I lost that night, and Johnny Johnson won. I didn’t like losing, but I was very impressed with Johnny’s talent. Years later I was on a show with Rascal Flatts. I was doing a sound check when a fiddle player started to tune up. I looked up and saw Johnny Johnson, now one of the hottest fiddle players in country music.
I REALLY DIDN’T KNOW ANYBODY IN THE MUSIC BUSINESS, but my friends Lloyd and Debra Kelso encouraged me to visit them in Nashville. Lloyd had a law firm on the corner of Chet Atkins Place and 18th Avenue, part of Nashville’s famous Music Row.
In October 1996, I loaded my bicycle—I had not yet returned the borrowed bike that I had been riding the day I met Bea and Russell—in the bed of a 1984 brown Ford truck. I wanted to have the bike just in case the truck broke down on my way to Nashville.

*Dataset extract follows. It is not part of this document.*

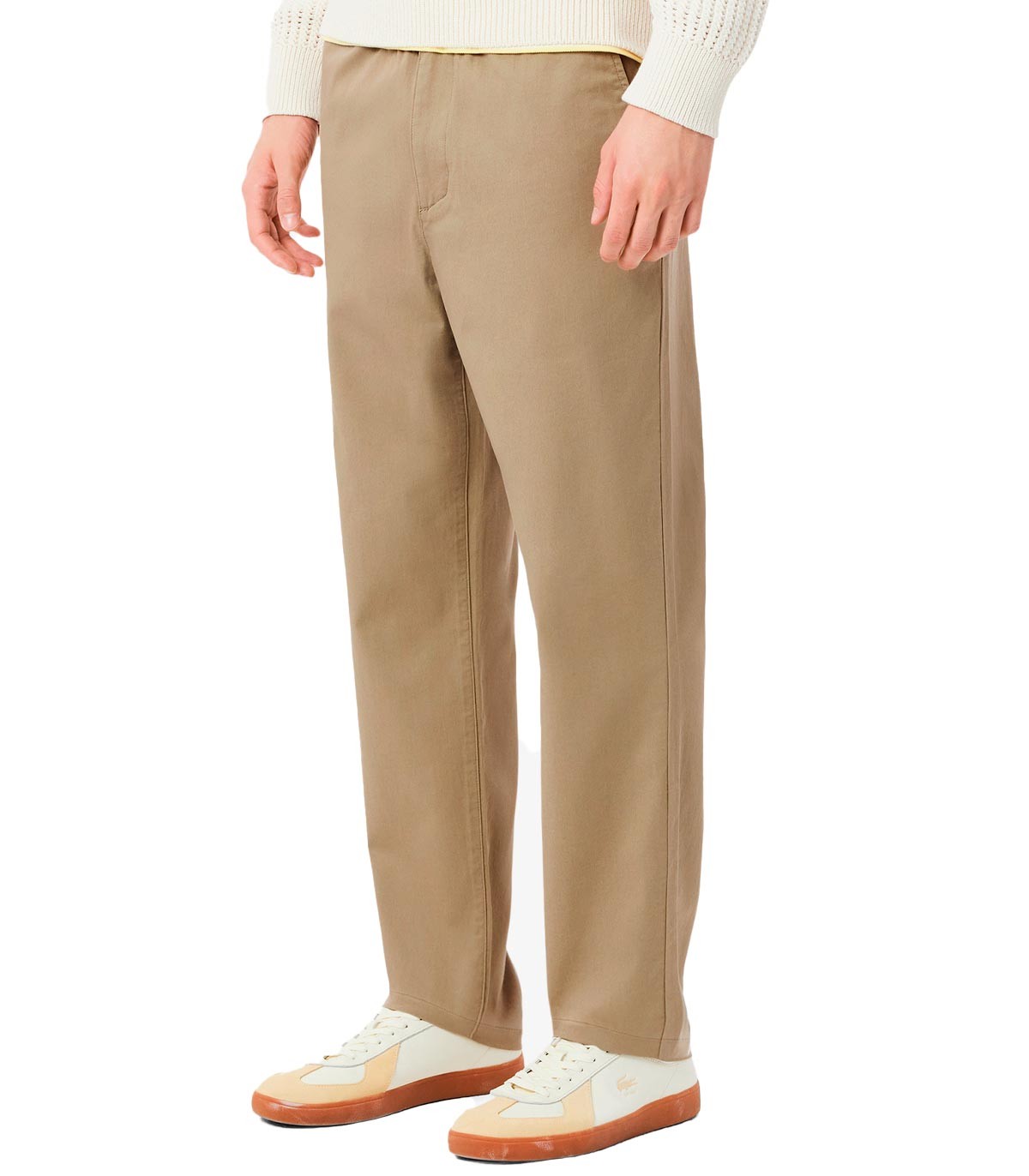 Lacoste - Pantalón Chino Regular Fit - AMARILLO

I drove the longest trip I’d ever driven outside of Charlotte, nearly four hundred miles up Highway 74, across Interstate 40, westbound to exit 209B, Demonbreun Street, also known as Music Row. I spent three days observing and meeting with a few of Lloyd’s friends whom he had met in the music business or represented as an attorney. I met with music legend Don Light, whose publishing fame rested on Jimmy Buffett’s “Margaritaville,” and I sang a few songs for him. I met Charlie Monk, another music publishing mogul, at the church Lloyd and Debra attended. I met with a few executives from music companies, and a few others. I was surprised at how nice these people were to me even though I was a nobody. I made several trips to Nashville over the next few months, just trying to get my foot in the door of the music business. But, although the doors opened with relative ease, nobody seemed interested in my songs or me as an artist, and nothing ever came of my visits.
I was still working full time at the prison. It was relatively easy to make trips to Nashville when Sergeant Newton was kind enough to arrange my schedule so I would have three days off in a row. I could make a hasty trip to Nashville and be back in time to work the third shift, from eleven at night to seven in the morning. But when I took the community work crew job, I had to plan my trips sparingly, using only my vacation days.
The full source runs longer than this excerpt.